# !!? Figurita modena cross ?!!



## samuri_spartan (Aug 26, 2007)

I have a white Figuraita hen and an opal modena cock who paired up. The fig was supposed to be a cock so i didnt worry too much when they paired up, and i was going to get rid of it anyways. I seen the modena mount the fig but it looked really awkward. A few days ago the "cock" fig laid 2 eggs. I left the eggs thinking it would keep the pair busy. I just check the eggs tonight and found them both to be fertile. Anyone have any guesses on what will come out of them or if the eggs will even hatch. The modena is a gazzi. 

Christopher


----------



## TAWhatley (Mar 6, 2001)

Well, the babies should be interesting .. I'll bet they will be beautiful!

Terry


----------



## Guest (Jan 20, 2008)

dont worry they will still be pigeons  lol


----------



## zimmzimm3 (Aug 17, 2007)

you should definitely post some pictures of them when they hatch


----------



## samuri_spartan (Aug 26, 2007)

Well lakota, i wasnt expecting teenage mutant ninja pigeons  , but i know what you mean. I will definatly post some pics as soon as the begin to develop.


----------



## Maggie-NC (Jun 22, 2005)

samuri_spartan said:


> I have a white Figuraita hen and an opal modena cock who paired up. The fig was supposed to be a cock so i didnt worry too much when they paired up, and i was going to get rid of it anyways. I seen the modena mount the fig but it looked really awkward. A few days ago the "cock" fig laid 2 eggs. I left the eggs thinking it would keep the pair busy. I just check the eggs tonight and found them both to be fertile. Anyone have any guesses on what will come out of them or if the eggs will even hatch. The modena is a gazzi.
> 
> Christopher



Congratulations. It will be interesting to see what the babies look like.

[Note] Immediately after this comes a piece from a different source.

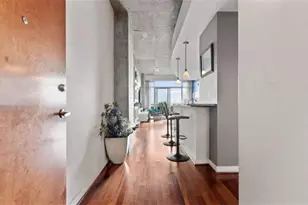 250 Pharr Rd, Atlanta, GA 30305 - Photo 9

Just curiosity but you said you were going to get "rid of it" - is that the Figurita you are talking about?


----------



## Guest (Jan 21, 2008)

well I do love the TMNTs soooo... I wouldnt be dissapointed if they popped out thats for sure, long as you took lots of pictures to show us hehe


----------



## samuri_spartan (Aug 26, 2007)

Lady Tarheel said:


> Congratulations. It will be interesting to see what the babies look like.
> 
> Just curiosity but you said you were going to get "rid of it" - is that the Figurita you are talking about?


Yea i was going to get rid of all my figs but one pair. I promised them to daryl, and he is going to take them as soon as his loft is safe. I love them, just not wanting to go in that direction. 

Christopher


----------



## pigeonmama (Jan 9, 2005)

Hey, Chris,
This Daryl is a gal, not a guy. 
Daryl


----------



## luisrolon (Jan 21, 2005)

I never mate different breeds unless to get perfection in a specific breed. But they should be beautiful babies!!!!


----------



## samuri_spartan (Aug 26, 2007)

pigeonmama said:


> Hey, Chris,
> This Daryl is a gal, not a guy.
> Daryl


Daryl, 

Much apologies.  One of my other good friends is a guy, but his name is spelled Darryl. Thats what i get for assuming. 

I have another question about the fig x modena. Should i band it? I wouldnt know what to band it with?

I dont cross breed either ...but... as i stated before these were both bought with the belief that they were both male.


----------



## Maggie-NC (Jun 22, 2005)

Thanks, Chris - your figs will be well loved by Daryl. She is a terrific lady.


----------



## TerriB (Nov 16, 2003)

samuri_spartan said:


> ...I have another question about the fig x modena. Should i band it? I wouldnt know what to band it with?...


Given the size difference, you can't tell how big the offspring will be. A too small band could constrict the leg when the bird matures.


----------



## samuri_spartan (Aug 26, 2007)

I think i will use a homer band since the modena is a large band and the figs is so small. If it does get too tight i will just cut it off. 

Lady Tarheel, I know daryl will take good care of them. I have read a lot of her posts here and i can tell she is a very caring person. 

Christopher


----------



## pigeonmama (Jan 9, 2005)

Stop it. You're making me blush (or is it a hot flash ?) 
Daryl


----------



## george simon (Feb 28, 2006)

*You Will Get*

Well you will get a FIGDENA  or a MODRITA  lol lol lol  .GEORGE


----------



## Skyeking (Jan 17, 2003)

I'm glad you're getting the figs, Daryl.

PLEASE DO post some pics of the mutants when they hatch, Christopher.


----------



## samuri_spartan (Aug 26, 2007)

...ok ok i can stop laughing now...  

Anyhoo, I will get some pics up asap. You can go to my website and see the two. The cock bird is my opal modena. 

Daryl, LOL! Hows the loft comming along?

Christopher


----------